After running and exercising five to six days a week for as long as I can remember, I’m not afraid to admit that I still find it difficult to motivate myself on a cold, dark morning. Which is why little gadgets like the TomTom Runner can be an exercise saviour.

Available in various colours, mine pink and grey, the TomTom Runner does more than time your workouts; it also measures how far you’ve run or walked, tells you your current pace and average pace, plus once you’ve finished your workout tells you how many calories you’ve burnt and how many strides you’ve taken. There’s a lot to take in, but despite all the data feedback, it’s incredibly easy to use.

Yes, since being pregnant I have had to stop running but that’s not to say I don’t use the watch anymore. Instead I use it on my weekly walks, and set myself motivating tasks like walk for 5k, walk for 1 hour or walk until I have burnt 300 calories. It’s nice to aim towards something as you hit the road, and I love seeing my progress on a live pie chart that alerts me when I have covered 50%, 90% and 100% of my target.

3. Bribe yourself out of bed

On the mornings that I really struggle to get out of bed, I bribe myself with thoughts of my favorite things. For instance, a pre-workout breakfast, a yummy post-workout smoothie, a quick catch up episode of some trashy TV, or the promise of a hot bath after my workout.
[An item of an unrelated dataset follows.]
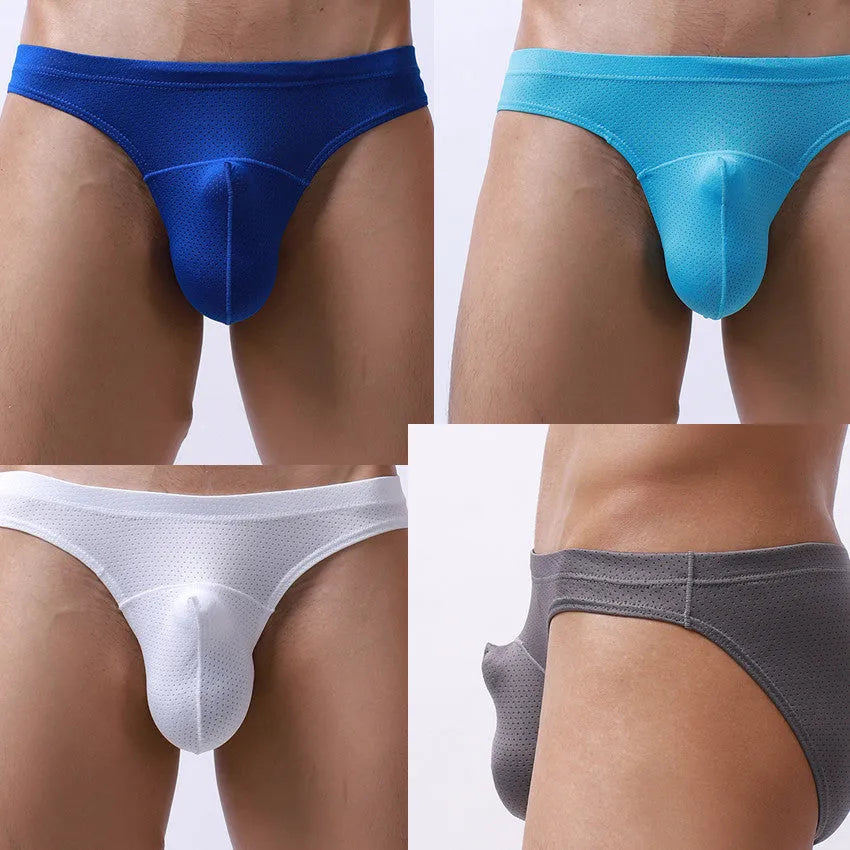 Men's loose-fitting light blue nylon boxer shorts laid flat on a surface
That one always works!

4. Do something you like

Exercise that is not enjoyable will not get you out of bed. The gym isn’t for everyone, so if you like walking, cycling, yoga or swimming (you get the idea), make it part of your morning plan and look forward to it.

5. Focus on how it feels

When I am laying in bed debating whether to get up or not, I remind myself how amazing I feel after a workout. I also remind myself how it feels when I skip a workout, which is usually sluggish and yuk!

It’s true – the hardest part of exercise is just doing it. Afterwards you’ll feel totally invigorated!